| What is being asked |
Everything from the line with "KL7CJKSB2LB022835 2020 CHEVROLET" down to the line with "Villa ou maison" below must be printed exactly, those two lines included. Exclude pictures.

| Records |
-=-=-

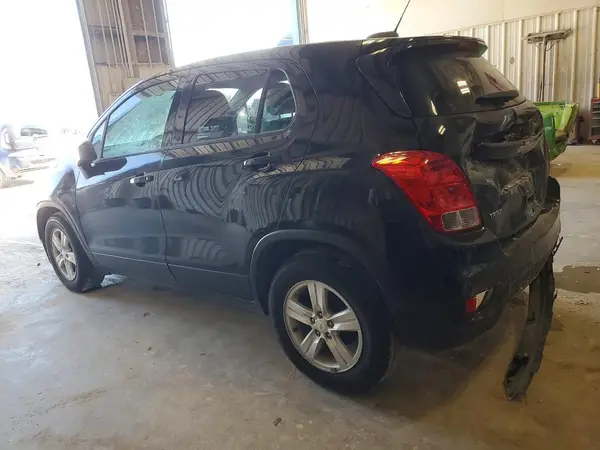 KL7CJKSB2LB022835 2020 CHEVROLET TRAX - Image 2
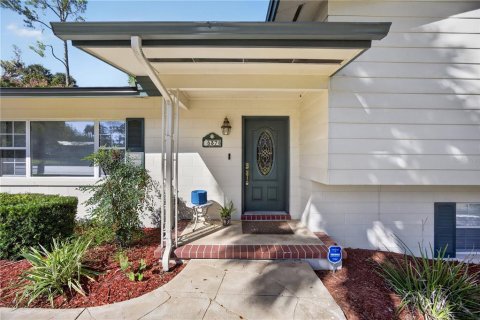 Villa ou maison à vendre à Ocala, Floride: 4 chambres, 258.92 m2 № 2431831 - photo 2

-=-=-

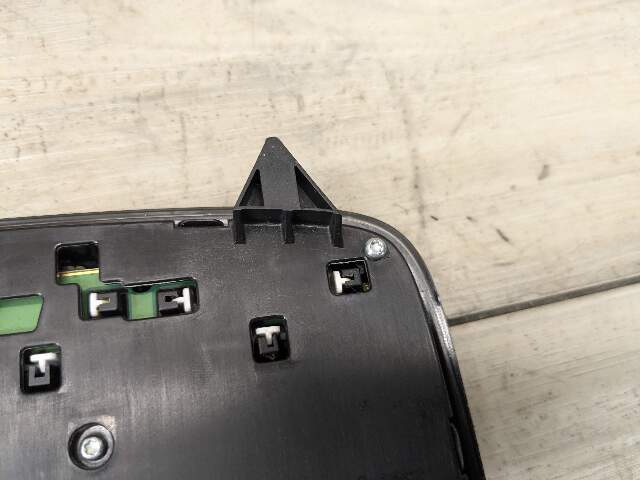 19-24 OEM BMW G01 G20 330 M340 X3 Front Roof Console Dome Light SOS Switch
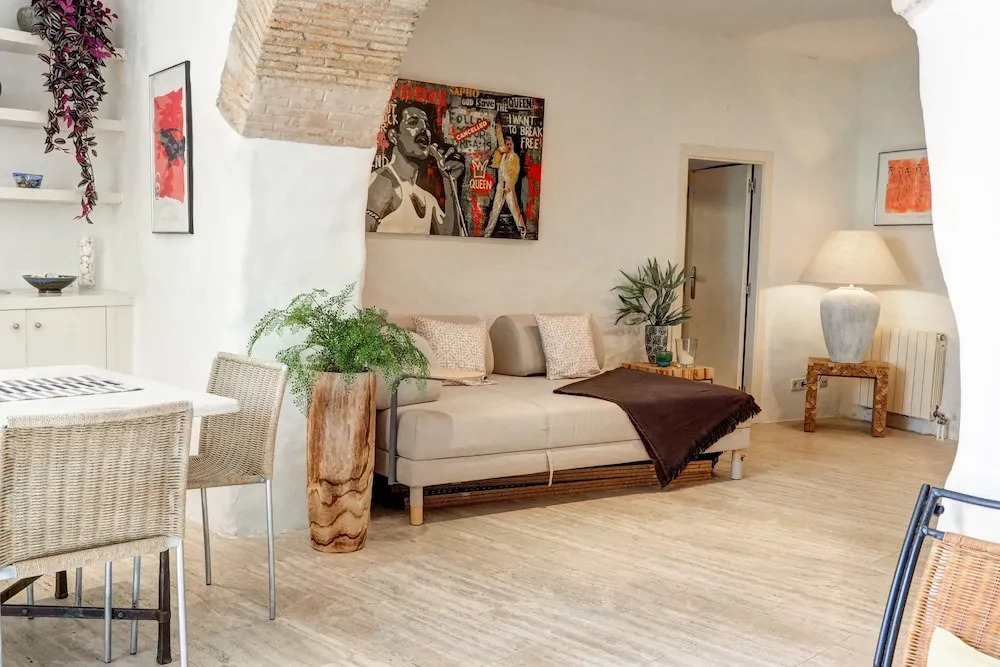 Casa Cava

-=-=-

| Exercise response |
 KL7CJKSB2LB022835 2020 CHEVROLET TRAX - Image 2
 Villa ou maison à vendre à Ocala, Floride: 4 chambres, 258.92 m2 № 2431831 - photo 2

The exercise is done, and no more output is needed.